È un album molto concreto con le sue cose, persone, città - anche le incursioni di soundscape aiutano a dare "materialità" al lavoro - ma allo stesso tempo anche spirituale, poetico, astratto. Ti ritrovi in questo dualismo? E, nel caso, come riesci a trovare l’equilibrio tra le due cose?
«Mi ritrovo in questo dualismo se penso alla mia vita, ai miei interessi, alle pulsioni che vedo dentro e anche alla mia storia artistica. Anzi, in realtà penso che la mia vita personale e artistica sono anche la storia del come provo, di volta in volta, a seconda dei periodi, a far convivere queste due cose.

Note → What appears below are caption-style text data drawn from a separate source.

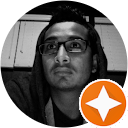 Jeffrey Busa profile picture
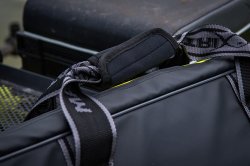 Matrix Horizon X Side Tray Storage Bag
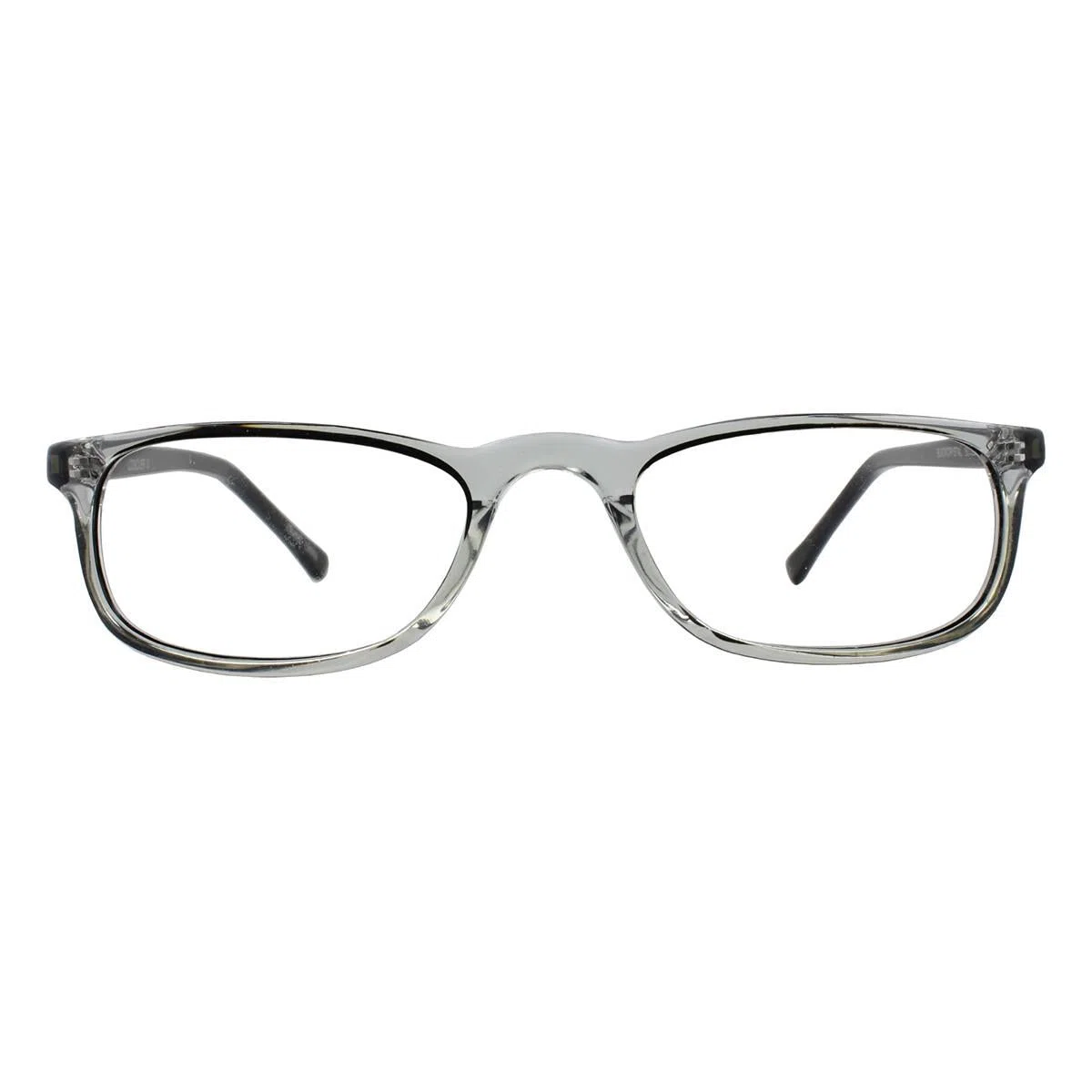 LIMITED EDITIONS LOOKOVER Eyeglasses - view 10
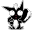 Stinky 02 Icon 32x32 png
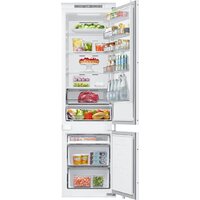 Холодильник Samsung BRB70F30BES0EO - Превью изображения №5 — Интернет-магазин Teono.by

È bello che tu ci veda una parte più trascendente in questo disco, ma invece io, rispetto ad altri miei dischi, lo trovo molto legato alla terra come elemento, perché mi rendo conto che in questo momento della mia vita ho meno spazio per la dimensione spirituale e quindi, se osservo le canzoni che ho scritto in questi ultimi anni, in questa cosa mi ritrovo».
Da qui nasce anche la scelta di inserire le città, la vita quotidiana, per dare ancora più concretezza all’album?
«Non è una scelta ragionata, probabilmente istintivamente abbiamo sentito questa esigenza e ci siamo andati dentro. Avendo un materiale così vario dal punto di vista musicale cercavamo un elemento che potesse fare da accordo, da contesto, da trade union, e a un certo punto questi soundscape, che comunque avevamo registrato perché ci interessavano, ci sono sembrati la strada per realizzare questo tipo di connessione».
Ho ascoltato il tuo podcast "Esseri finiti" e nell’episodio a Napoli, proprio all’inizio, c’è tua mamma che ti dice che è un album complicato, che sei triste e che è "un disco dove non c’è speranza": sei d’accordo?
«No, non sono d’accordo! È un album che mostra una precarietà esistenziale e anche uno sguardo dolente sul mondo e mi rendo conto che un genitore si dispiace e si preoccupa di vedere nel proprio figlio questo stato d'animo. Poi, se devo ragionare dal punto di vista razionale e con gli elementi di cui ho a disposizione e che nell’album un pochino vengono mostrati, mi ritrovo a fare delle riflessioni molto pessimiste sul futuro del mondo, quindi anche da questo punto di vista capisco il ragionamento di mia madre. Allo stesso tempo, però, a me sembra che per motivi misteriosi e meno misteriosi dentro questo disco ci sia una luce, un calore».
La cover dell'album è stata realizzata con una performance collettiva al MAMbo (Museo di arte moderna) di Bologna: da cosa è nata questa idea?
«L’idea è nata da Aldo Giannotti, che è l’artista che ha curato tutta la parte visiva legata a questo disco, al percorso di venuta al mondo di questo disco. Con Aldo abbiamo collaborato per la prima volta proprio al MAMbo di Bologna, quando ho fatto il concerto di chiusura della sua personale un po’ di anni fa. Il suo lavoro oltre ad essere visivo è anche concettuale, nel senso che lui opera proprio una frantumazione della barriera che c’è tra l’artista e chi guarda l’opera, e molto spesso prende le persone e, metaforicamente, le porta dentro l’opera. Sapevo che lui lavorava così ed era uno dei motivi per cui gli ho chiesto di collaborare a questo disco, che si interroga proprio sullo stare insieme, e quando mi ha fatto questa proposta per la copertina mi è piaciuta. Quando poi l’ho vista mi è sembrata che fosse la scelta giusta per questo disco».
Ho solo un'ultima domanda: alla fine hai trovato la felicità?
«Penso che la felicità nel momento già in cui ne parliamo sparisca, sono sicuro che ho avuto e che ho tante occasioni per viverla ma mi sembra che uno stato di felicità perenne sia quasi in contraddizione con la vita stessa».